Photo credit: Ed Bierman

Appropriately named for the spines in front of their two dorsal fins and ridges over their eyes, horn sharks (Heterodontus francisci), are smaller, bottom-dwelling sharks that are also known for their beautiful spiral-shaped egg cases. 


Horn sharks can grow to be nearly four feet long and weigh as much as twenty pounds when fully grown. They have short, blunt heads with a high ridge above each eye. Further down their slender bodies are two dorsal fins, each with a cartilaginous spine in front of it. Their bodies are dark to light grey or brown and covered in brown or black spots on the body and fins. Their bellies are a lighter yellow color. They have a pectoral fin on each side of their bodies, vertically positioned tail fins, and smaller pelvic fins closer to the center of their bodies, which they can use to walk along the sea floor.

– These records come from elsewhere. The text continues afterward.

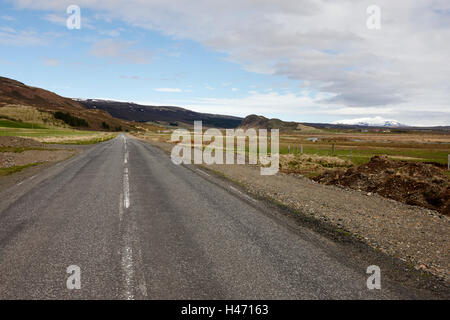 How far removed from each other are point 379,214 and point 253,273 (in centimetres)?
645

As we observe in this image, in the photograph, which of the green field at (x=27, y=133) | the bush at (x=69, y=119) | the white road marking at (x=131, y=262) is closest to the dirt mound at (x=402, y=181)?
the white road marking at (x=131, y=262)

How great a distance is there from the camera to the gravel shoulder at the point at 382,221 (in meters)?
6.46

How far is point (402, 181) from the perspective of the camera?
14.8 meters

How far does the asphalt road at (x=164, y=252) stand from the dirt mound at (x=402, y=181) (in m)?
7.37

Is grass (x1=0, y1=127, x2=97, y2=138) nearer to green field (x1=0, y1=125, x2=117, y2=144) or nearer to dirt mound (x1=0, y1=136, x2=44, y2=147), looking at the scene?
green field (x1=0, y1=125, x2=117, y2=144)

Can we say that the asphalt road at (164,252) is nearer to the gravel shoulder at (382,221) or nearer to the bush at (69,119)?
the gravel shoulder at (382,221)

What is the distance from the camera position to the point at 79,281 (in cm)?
491

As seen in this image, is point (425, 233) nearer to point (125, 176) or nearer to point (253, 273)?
point (253, 273)

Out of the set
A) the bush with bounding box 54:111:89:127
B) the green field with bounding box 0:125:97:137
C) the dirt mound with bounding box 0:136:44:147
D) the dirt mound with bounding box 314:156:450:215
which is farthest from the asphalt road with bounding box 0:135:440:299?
the bush with bounding box 54:111:89:127

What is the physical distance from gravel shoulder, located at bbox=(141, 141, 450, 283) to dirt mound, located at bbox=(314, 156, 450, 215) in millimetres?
1315

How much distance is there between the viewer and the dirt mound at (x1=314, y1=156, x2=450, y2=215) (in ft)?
42.3

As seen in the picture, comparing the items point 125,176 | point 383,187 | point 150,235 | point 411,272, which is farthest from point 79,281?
point 383,187

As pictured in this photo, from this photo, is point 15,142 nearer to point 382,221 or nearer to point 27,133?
point 382,221

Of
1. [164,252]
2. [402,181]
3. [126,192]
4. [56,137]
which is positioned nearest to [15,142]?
[56,137] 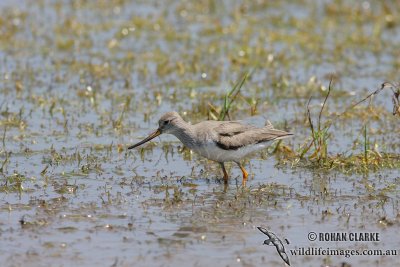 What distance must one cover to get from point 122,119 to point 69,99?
1.37 meters

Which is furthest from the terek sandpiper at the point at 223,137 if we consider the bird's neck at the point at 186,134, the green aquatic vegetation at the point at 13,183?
the green aquatic vegetation at the point at 13,183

Within their mouths are two kinds of teeth: the front teeth, which are pointed and help them grasp prey, and the teeth along the sides of the mouth, which are larger and wider and help them crush the hard shells or exoskeletons of their prey. Despite being small, these sharks are mighty – horn sharks have the greatest known bite force of any shark relative to its size. 


Horn sharks are carnivorous, feeding on mollusks, echinoderms, and crustaceans, a favorite being the purple sea urchin. They are slow-moving, nocturnal predators and use their teeth to grab, trap, and crush prey they find along the sea floor. 

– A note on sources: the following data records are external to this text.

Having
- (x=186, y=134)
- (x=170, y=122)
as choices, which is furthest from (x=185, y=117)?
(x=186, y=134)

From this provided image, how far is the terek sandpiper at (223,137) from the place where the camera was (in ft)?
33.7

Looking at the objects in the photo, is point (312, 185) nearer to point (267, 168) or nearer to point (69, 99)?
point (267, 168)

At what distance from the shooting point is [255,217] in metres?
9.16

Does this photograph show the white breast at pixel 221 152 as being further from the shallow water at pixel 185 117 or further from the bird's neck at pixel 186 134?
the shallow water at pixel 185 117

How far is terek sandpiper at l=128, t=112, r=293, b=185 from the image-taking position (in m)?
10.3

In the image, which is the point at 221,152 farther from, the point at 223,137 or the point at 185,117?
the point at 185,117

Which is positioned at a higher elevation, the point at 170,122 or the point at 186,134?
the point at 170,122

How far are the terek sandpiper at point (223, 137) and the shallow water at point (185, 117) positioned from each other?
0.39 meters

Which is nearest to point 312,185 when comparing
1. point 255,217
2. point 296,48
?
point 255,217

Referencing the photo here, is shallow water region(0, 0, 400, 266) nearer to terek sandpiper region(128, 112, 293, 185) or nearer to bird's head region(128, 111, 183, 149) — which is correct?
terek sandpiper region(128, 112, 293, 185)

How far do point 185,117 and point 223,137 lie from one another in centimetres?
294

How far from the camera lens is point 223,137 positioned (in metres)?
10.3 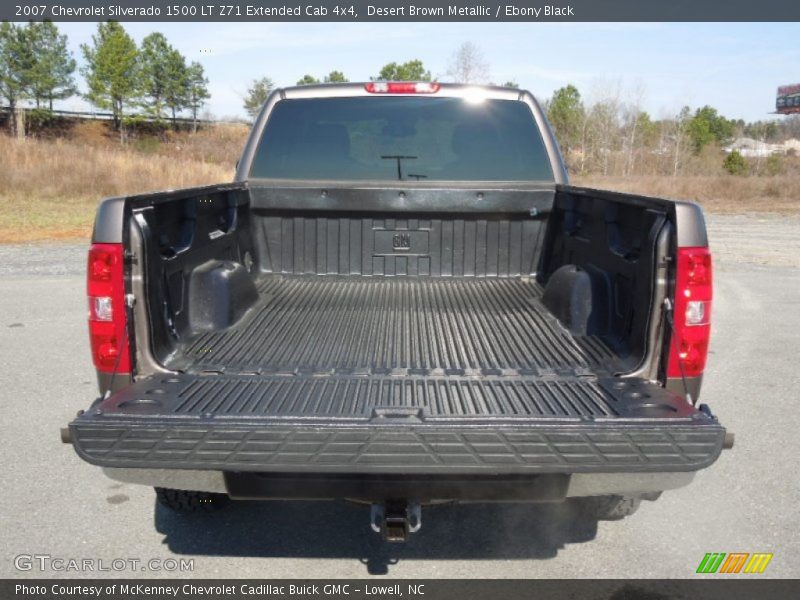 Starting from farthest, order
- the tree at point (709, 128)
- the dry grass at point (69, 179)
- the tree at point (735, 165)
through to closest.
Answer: the tree at point (709, 128) → the tree at point (735, 165) → the dry grass at point (69, 179)

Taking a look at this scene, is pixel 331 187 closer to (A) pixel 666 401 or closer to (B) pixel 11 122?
(A) pixel 666 401

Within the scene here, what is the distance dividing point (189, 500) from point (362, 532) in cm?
83

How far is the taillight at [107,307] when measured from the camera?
8.46 feet

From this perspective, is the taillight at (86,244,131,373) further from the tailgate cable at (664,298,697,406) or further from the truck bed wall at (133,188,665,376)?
the tailgate cable at (664,298,697,406)

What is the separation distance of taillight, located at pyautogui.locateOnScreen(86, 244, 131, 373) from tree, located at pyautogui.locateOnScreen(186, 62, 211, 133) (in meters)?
70.3

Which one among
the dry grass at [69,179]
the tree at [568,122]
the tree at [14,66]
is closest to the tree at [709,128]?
the tree at [568,122]

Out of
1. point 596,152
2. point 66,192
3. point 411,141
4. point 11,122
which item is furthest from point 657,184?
point 11,122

Horn sharks live in warmer temperate and subtropical regions of the eastern Pacific Ocean with a range that spans from central California down to the Gulf of California in Mexico, including Channel Islands National Marine Sanctuary. Young horn sharks live in deeper waters offshore, slowly migrating back to shallower waters as they mature. Adults live along the sea floor, with a preference for rocky reefs that allow them to hide among kelp, caves, and crevices. Each day, horn sharks return to the same hidden site to rest while avoiding their predators, which include seals, predatory birds like eagles, and larger sharks. 


Horn sharks are part of the bullhead shark family and can live up to 25 years, though the oldest observed horn shark is thought to have been approximately 50. Horn sharks are oviparous sharks, which means they lay eggs that hatch outside of their mother’s womb. Mature females can lay two eggs every 11 to 14 days, and eggs are protected by a stunning yet practical spiralized egg case, which the female can wedge into small cracks and crevices in the environment to hide them from potential predators. Every egg case contains one shark pup, which takes between six and nine months to hatch depending on environmental conditions and genetics. Horn sharks are generally solitary, living near other individuals but not gathering in social groups for reasons other than hunting and breeding opportunities. 


Horn sharks are not a commercially valuable species in California and are not targeted by fishing activities, though they are often accidentally caught in fishing gear like traps and trawls, both during recreational and commercial fishing activities. This species is desirable for display in aquariums due to their hardy nature, ease of care, and ability to breed regularly in human care. 

We still need more information to understand how horn shark populations are changing over time, but we can assume larger-scale threats to the ocean like climate change, ocean acidification, habitat destruction, and overfishing will affect them in the future.